Wednesday, September 24, 2008

IT to bounce back soon

Software firms that were banking on a revival in the second half of the fiscal can take some cheer from the words of Gartner’s top man in India.

Partha Iyengar, who heads the India arm of the global research organisation, says the collapse of Lehman and other financial giants will not significantly worsen the slowdown for software firms and a revival could be in the offing before the fiscal end.

“Software firms are already in a slowdown. I don’t see that trajectory changing because of the events of last week. The December quarter will follow the quarter we are in currently. We will start seeing an uptake after the US elections.

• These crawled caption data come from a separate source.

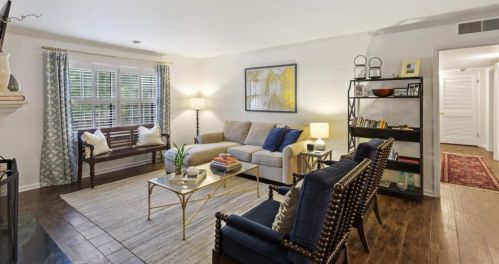 17 Glenald Way, Atlanta, GA 30327-4056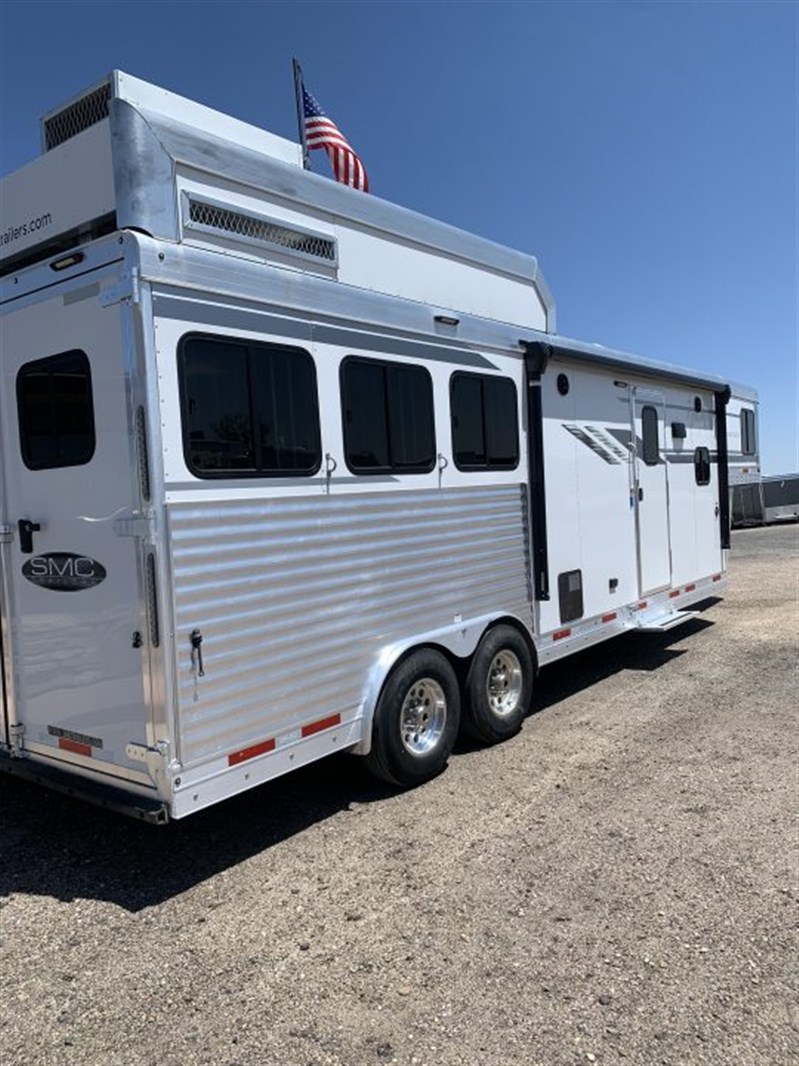 Trailer Photo 12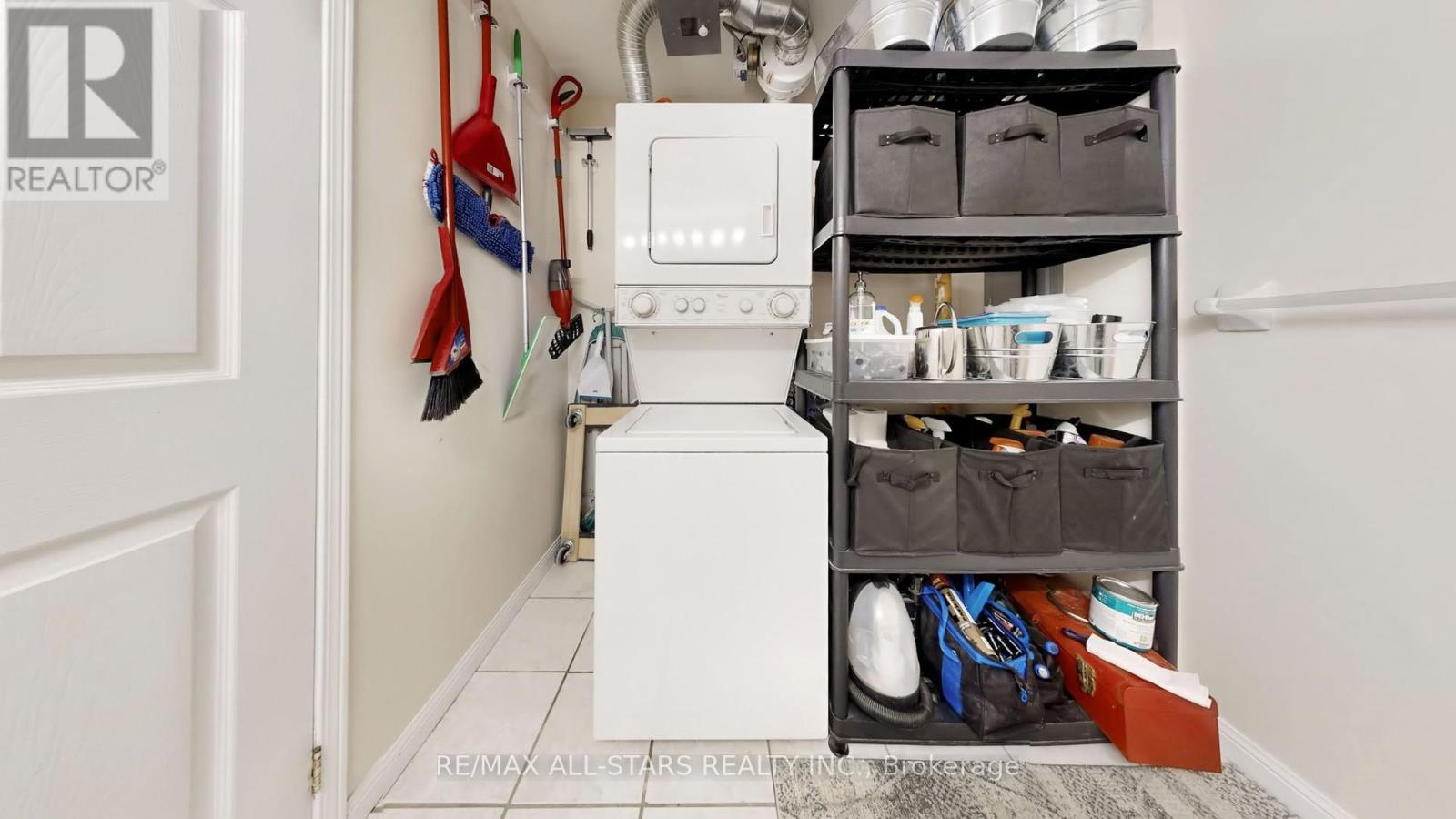 327 - 900 Bogart Mill Trail, Newmarket, Ontario  L3Y 8V5 - Photo 26 - N12938136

The sentiment will start to shift after that and software companies may recoup some of the losses they made in the earlier quarter in the fourth quarter,” Iyengar, vice-president, Gartner India, told ET.

Contrary to the gloom inspired by the fresh bout of bad news, his outlook for FY09 remains ‘cautiously optimistic’ and that for FY10 ‘fairly optimistic’ with growth returning to earlier levels. Iyengar said there were big differences across the key IT markets.

There was a higher level of uncertainty and close to a sense of panic among IT buyers in the US and UK (because of its proximity to US). But companies in Asia-Pacific, while being cautious, were going ahead with their IT projects. The sentiment among European buyers fell somewhere between Asia Pacific and US buyers, he said.

Since the events of last week, the BSE-IT index has lost 167 points over worries dogging some of the largest customers of Indian IT companies. Merrill is one of the top financial services clients for number one software exporter Tata Consultancy Services, while Wipro and HCL Tech have exposure to Lehman.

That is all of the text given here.